DATA FOR THIS TASK START

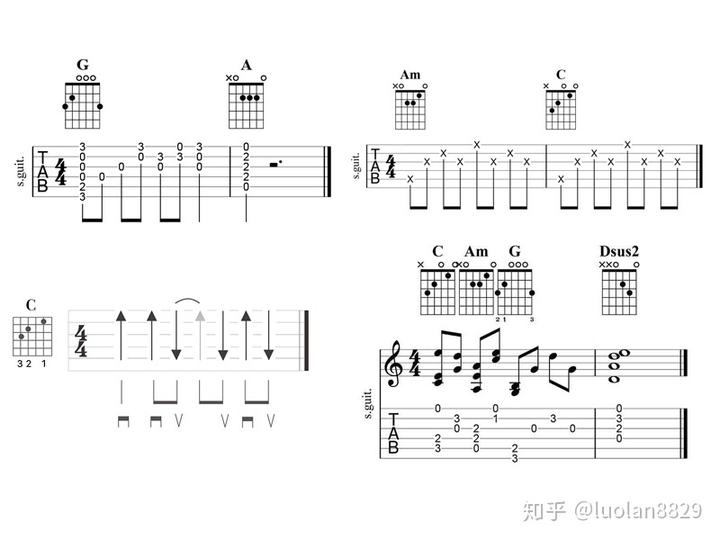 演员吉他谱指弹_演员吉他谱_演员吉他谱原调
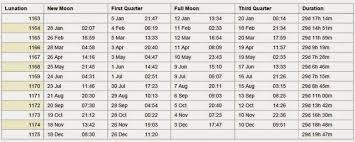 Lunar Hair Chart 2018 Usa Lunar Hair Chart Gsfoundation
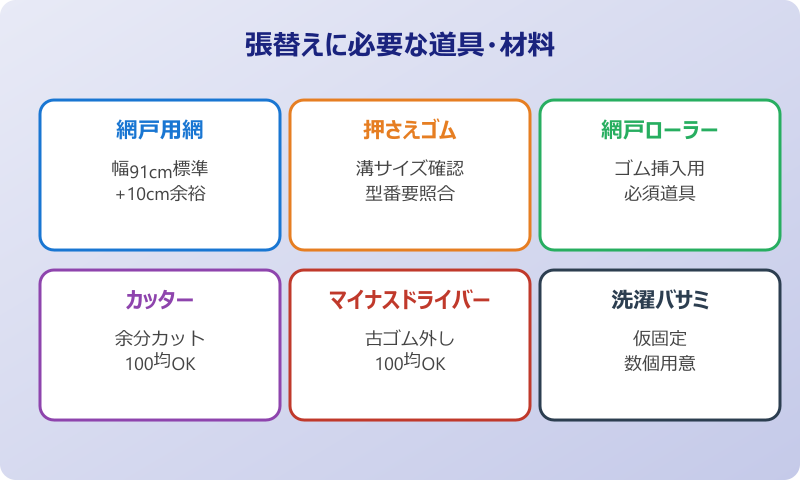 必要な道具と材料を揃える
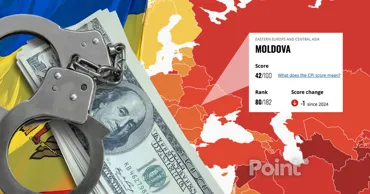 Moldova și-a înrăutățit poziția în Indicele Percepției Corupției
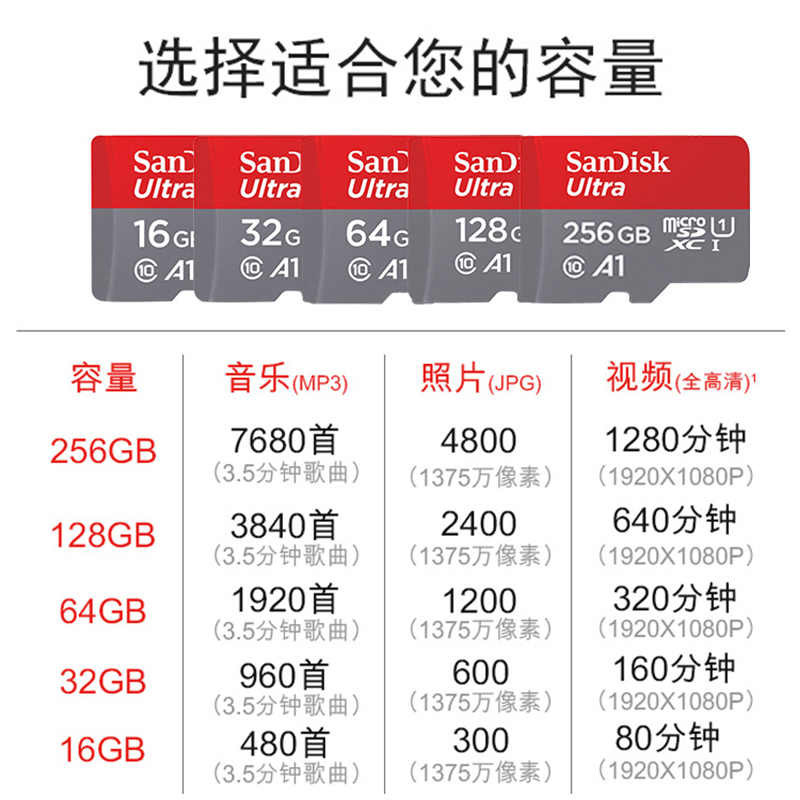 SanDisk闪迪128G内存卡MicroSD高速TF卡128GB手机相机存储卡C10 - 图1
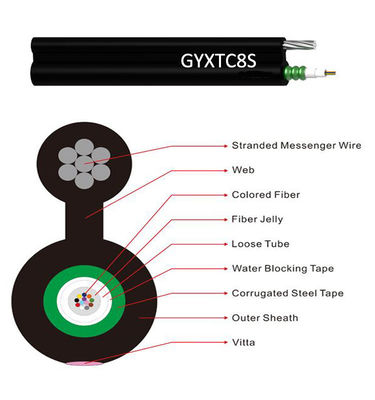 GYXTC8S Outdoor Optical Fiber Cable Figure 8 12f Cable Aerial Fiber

DATA FOR THIS TASK END

- [EXERCISE GOAL] An exact copy of the entries above, with no pictures, is the required answer.

- [ANSWER SECTION]
 演员吉他谱指弹_演员吉他谱_演员吉他谱原调
 Lunar Hair Chart 2018 Usa Lunar Hair Chart Gsfoundation
 必要な道具と材料を揃える
 Moldova și-a înrăutățit poziția în Indicele Percepției Corupției
 SanDisk闪迪128G内存卡MicroSD高速TF卡128GB手机相机存储卡C10 - 图1
 GYXTC8S Outdoor Optical Fiber Cable Figure 8 12f Cable Aerial Fiber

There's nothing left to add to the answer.